*Task*
When you reach the line containing "a living room", repeat that line and each one after it exactly until the records end, leaving out pictures.

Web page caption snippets
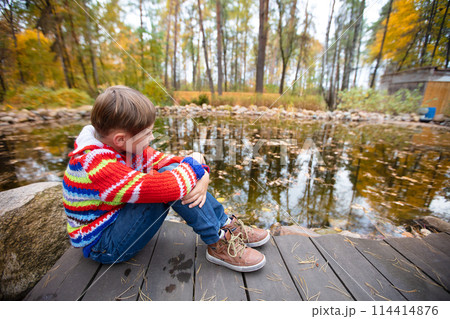 Child on an autumn walk. The boy walks on a background of autumn nature. Child on an autumn walk. The boy walks on a background of autumn nature. 114414876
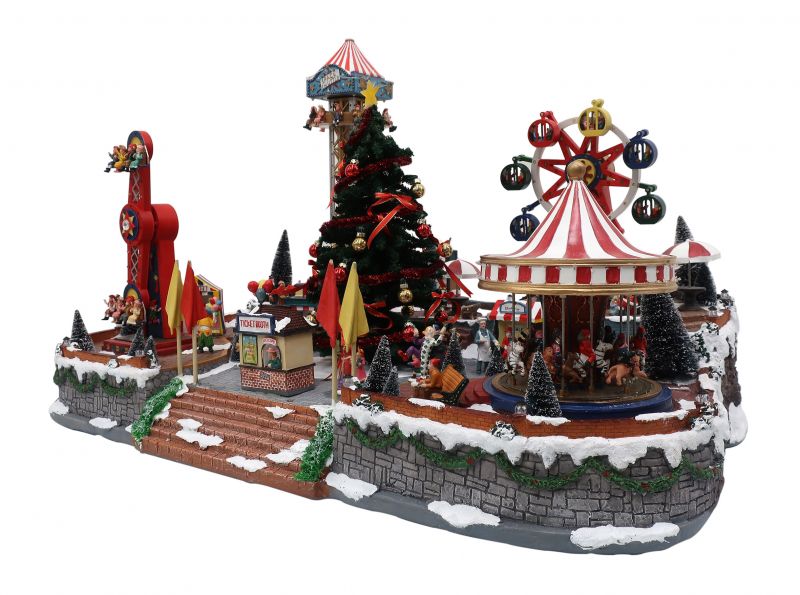 villaggio di natale con luna park, albero di natale e giostre, con movimento, luci e musica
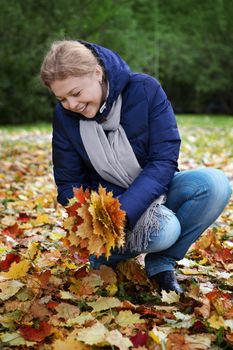 Portrait of young nice woman in fall season environment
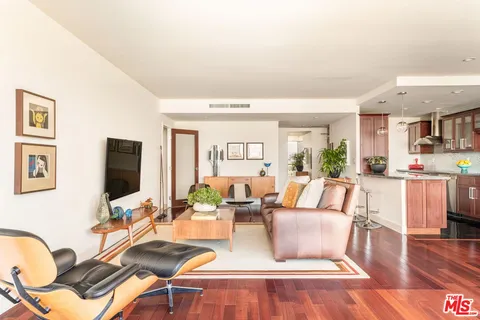 a living room with fireplace furniture and a flat screen tv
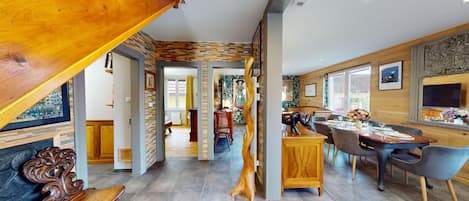 Un vaste espace dédié à la salle à manger, avec une table et des chaises en bois, donnant sur la cuisine, et un escalier menant à un autre niveau.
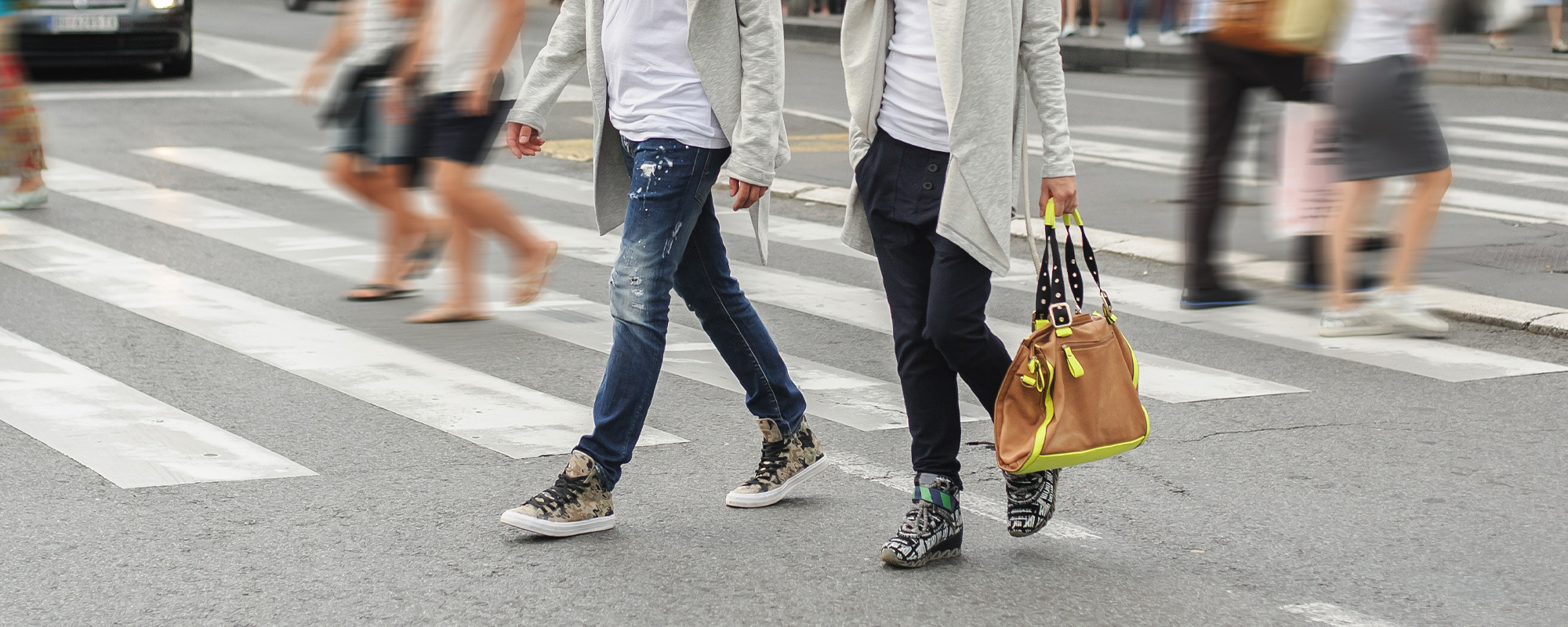 fashionable couple crossing road at pedestrian zebra crossing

*Your solution*
 a living room with fireplace furniture and a flat screen tv
 Un vaste espace dédié à la salle à manger, avec une table et des chaises en bois, donnant sur la cuisine, et un escalier menant à un autre niveau.
 fashionable couple crossing road at pedestrian zebra crossing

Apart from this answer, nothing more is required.